If such watertight compartment is created as is pleaded and accepted then, it would amount to permitting illegally to be perpetuated which can never be said to be open to this Court at the behest of one who himself has committed illegality and invoked jurisdiction of Article 227 of the Constitution of India. The Court is viewing this submission from the angle of jurisdiction available to the Court and the propriety and illegality of the action in question. Therefore, the decisions cited at the Bar is clearly distinguishable as in the instant case what is under challenge is the order which is passed wherein it is held that the petitioner’s action of purchasing the land was contrary to the provision of section 31 of Fragmentation Act. The order which is said to be illegal on account of the authority exercising administrative power was the order of 26/4/1988 which has not been challenged by the petitioner at any point of time and that order has not only culminated into its enforcement and thereafter when the notice was issued, even at that time also such a contention was not taken. When such contention is not taken and when order has been even given effect of, it would not be open to the petitioner to agitate at this stage that the order of 26/4/1988 was incorrect or illegal. The Court is to examine only the order dated 21/9/1990 in exercise of its power under Article 227 of the Constitution of India and when the same is not suffering from any illegality, infirmity nor has it been resulting into any miscarriage of justice, the Court would not be justifying in interfering therewith.

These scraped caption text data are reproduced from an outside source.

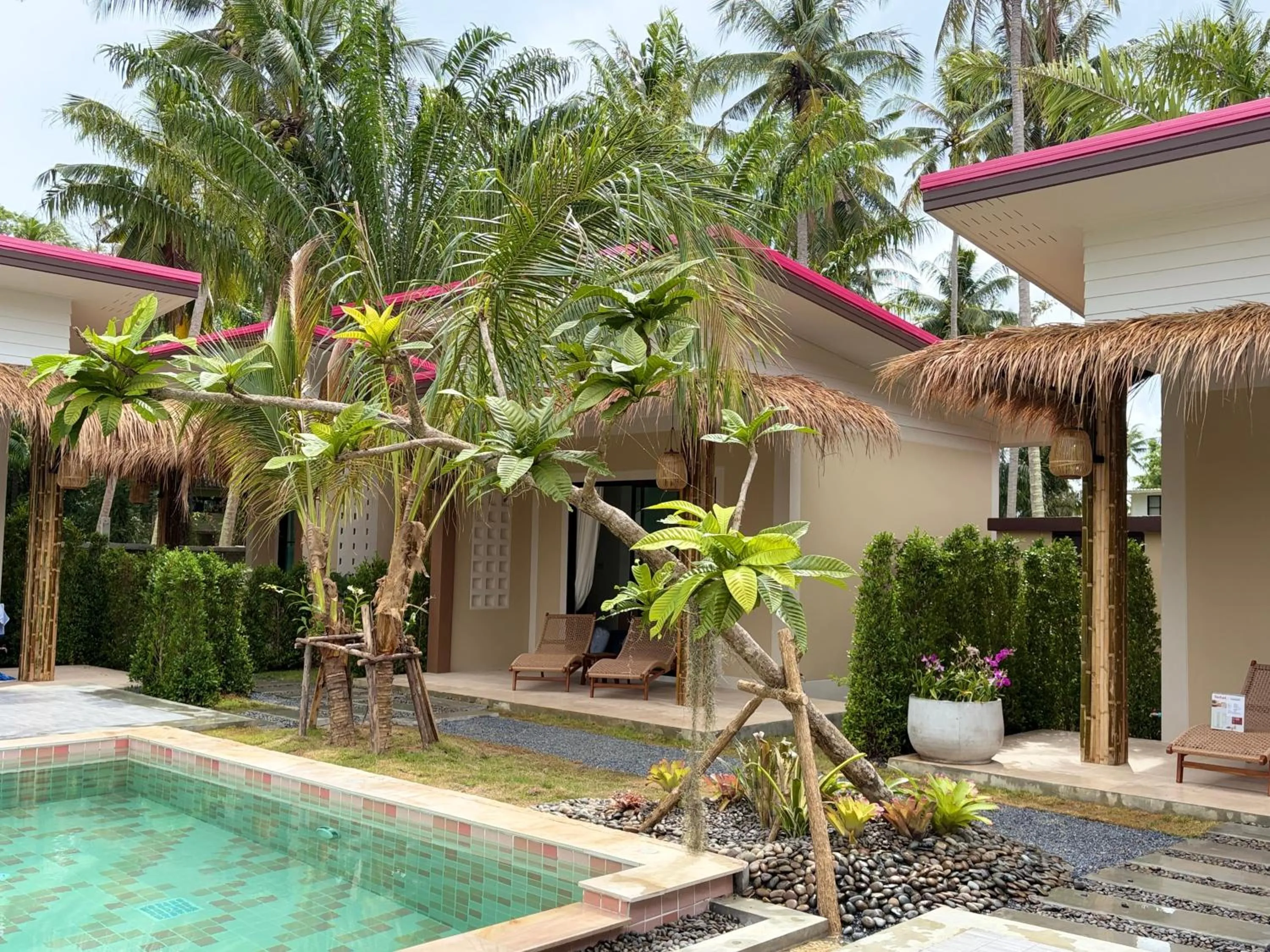 Pinky Bungalows Resort & Villa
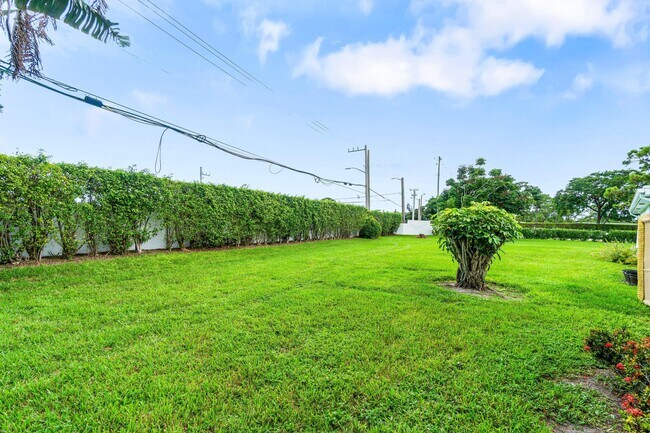 Building Photo - 5074 Privet Pl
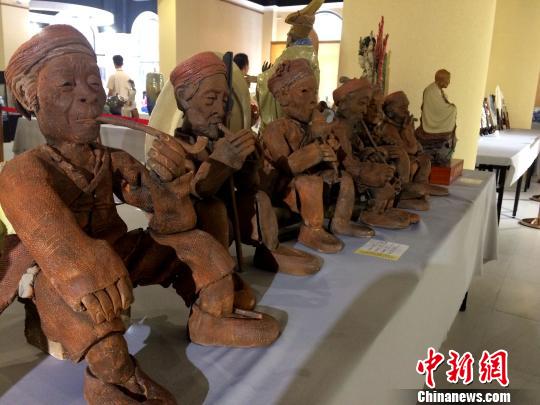     参展作品    　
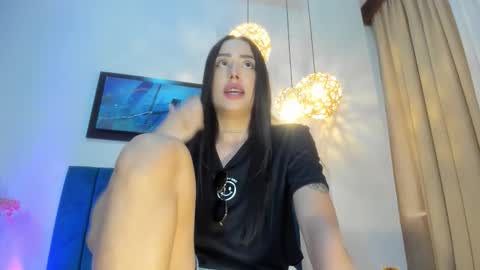 Nora Da Silva online show from 11/30/25, 01:59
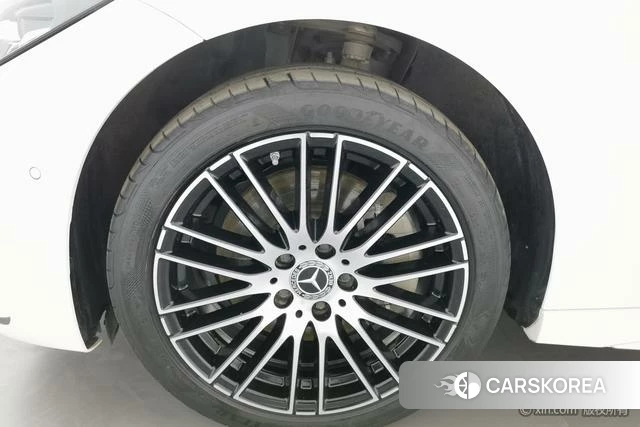 Mercedes-Benz Class C id 4272449 из Китая 13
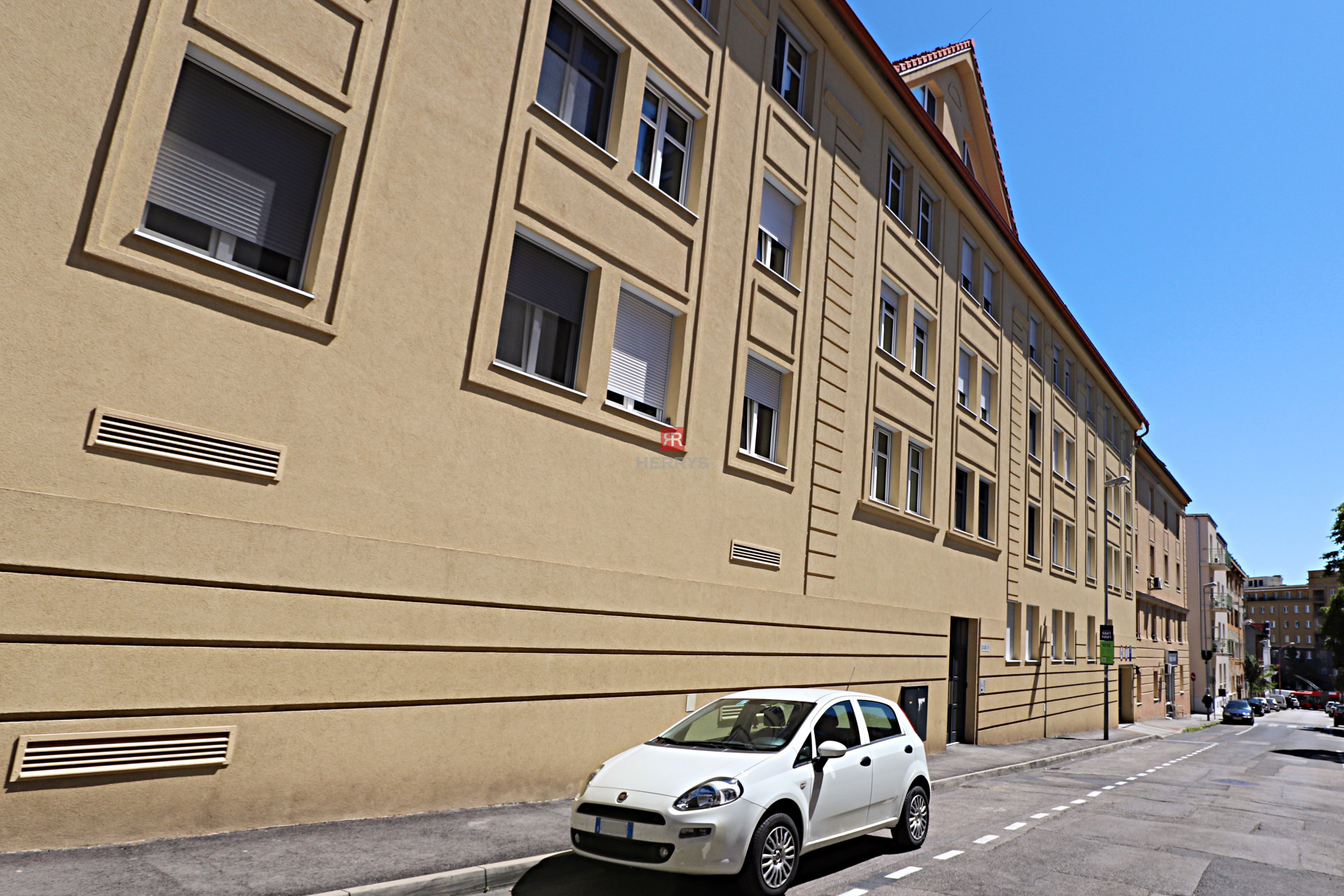 HERRYS - new 4-room apartment for rent in the Old Town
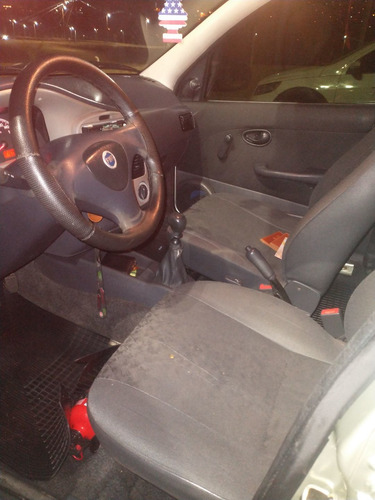 Imagem 7 de 9 de Fiat Palio 2007 1.0 Fire Flex 5p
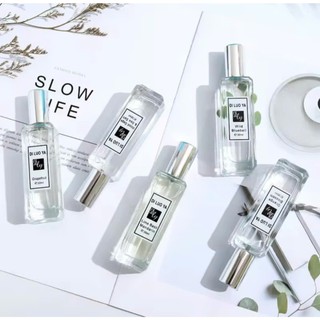 Nước Hoa Vùng Kín Nữ Hương Thơm Quyến Rũ Sang Trọng Kéo Dài Suốt 24 Giờ 30ML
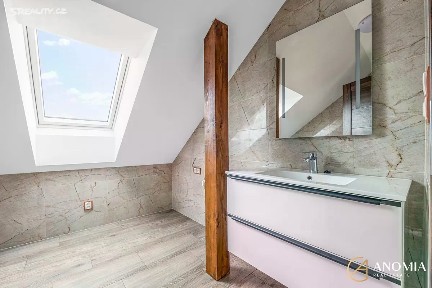 Pronájem bytu 3+kk 100 m² Družstevní, Újezd u Brna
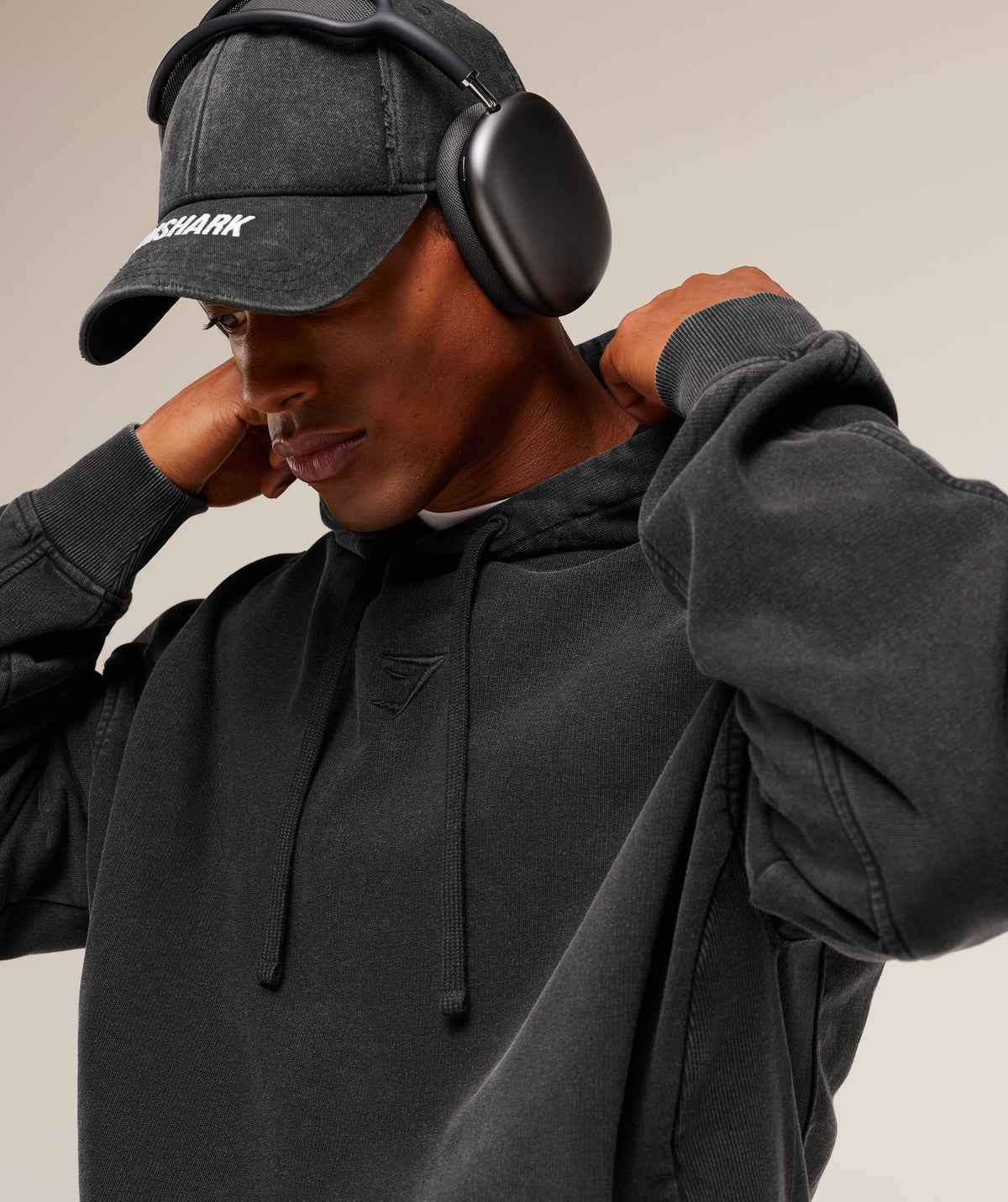 gymshark-power-washed-hoodie-pullovers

Hence the petition being meritless deserves dismissal and is accordingly dismissed. Rule discharged. 23. Learned advocate for the petitioner submits that the interim relief which has been continuously in operation be continued for further period of eight weeks. Learned AGP is vehemently opposing this request. This Court is of the considered view that when interim relief has been continuous since the year 1990, extension thereof for further period would not be so unjust as to reject this request. Hence the interim relief granted earlier shall be continued till 29/11/2013 only with a view to enable the petitioner to approached the appellate forum. Petition dismissed.